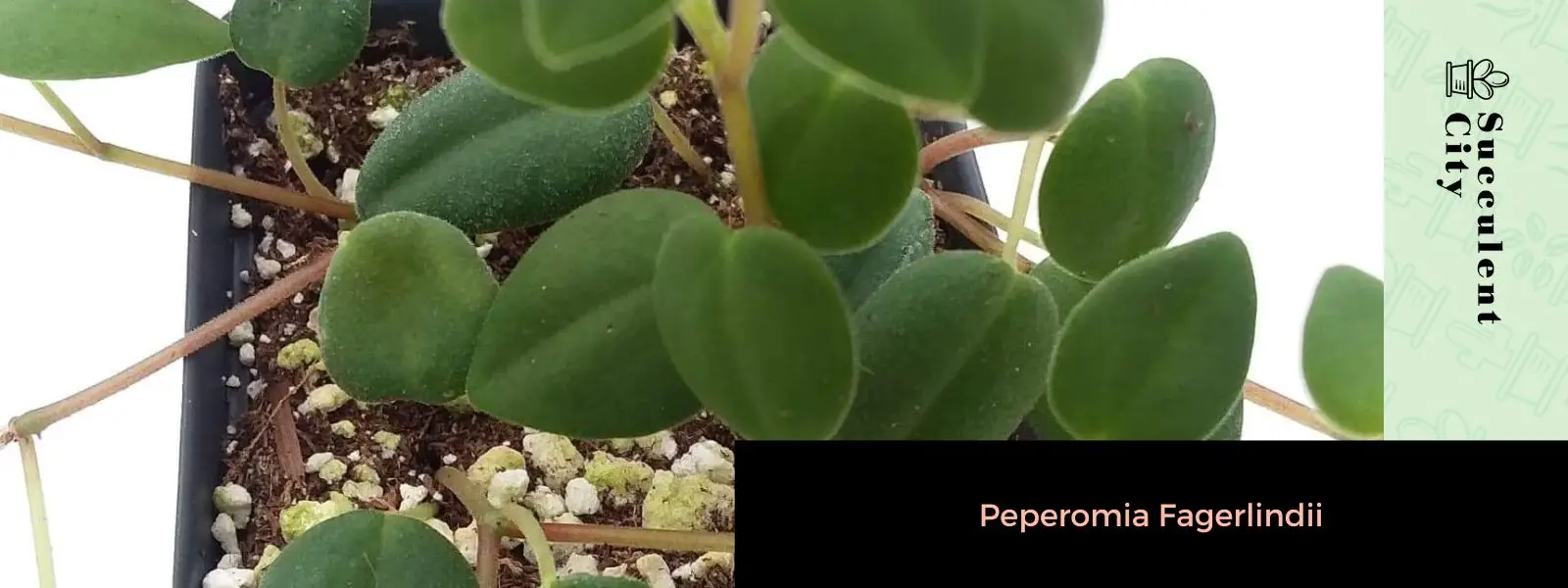 Peperomia Fagerlindii Peperomia Fagerlindii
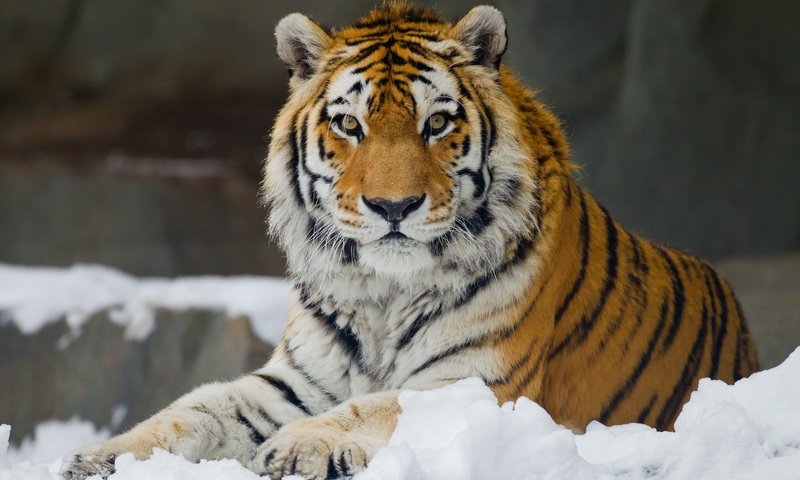 Обои тигр, снег, взгляд, хищник, большая кошка, отдых, амурский, tiger, snow, look, predator, big cat, stay, amur разрешение 3400x2266 Загрузить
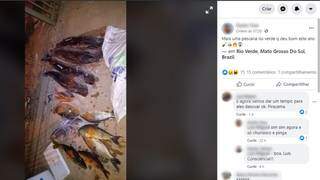 Paulista &eacute; indiciado em MS ap&oacute;s postar &quot;moqueca de pintado&quot; pescado com arapuca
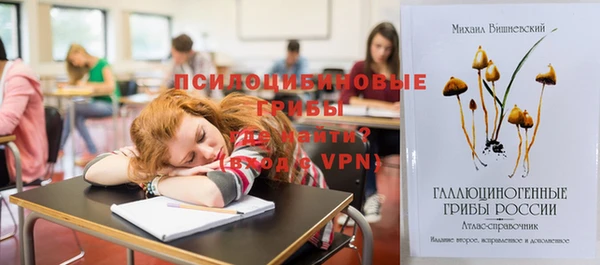 ПСИЛОЦИБИНОВЫЕ ГРИБЫ Дмитриев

────────

■ **Problem**:
Leave the images out and give the rest of the data again exactly.

■ **Result**:
 Peperomia Fagerlindii Peperomia Fagerlindii
 Обои тигр, снег, взгляд, хищник, большая кошка, отдых, амурский, tiger, snow, look, predator, big cat, stay, amur разрешение 3400x2266 Загрузить
 Paulista &eacute; indiciado em MS ap&oacute;s postar &quot;moqueca de pintado&quot; pescado com arapuca
 ПСИЛОЦИБИНОВЫЕ ГРИБЫ Дмитриев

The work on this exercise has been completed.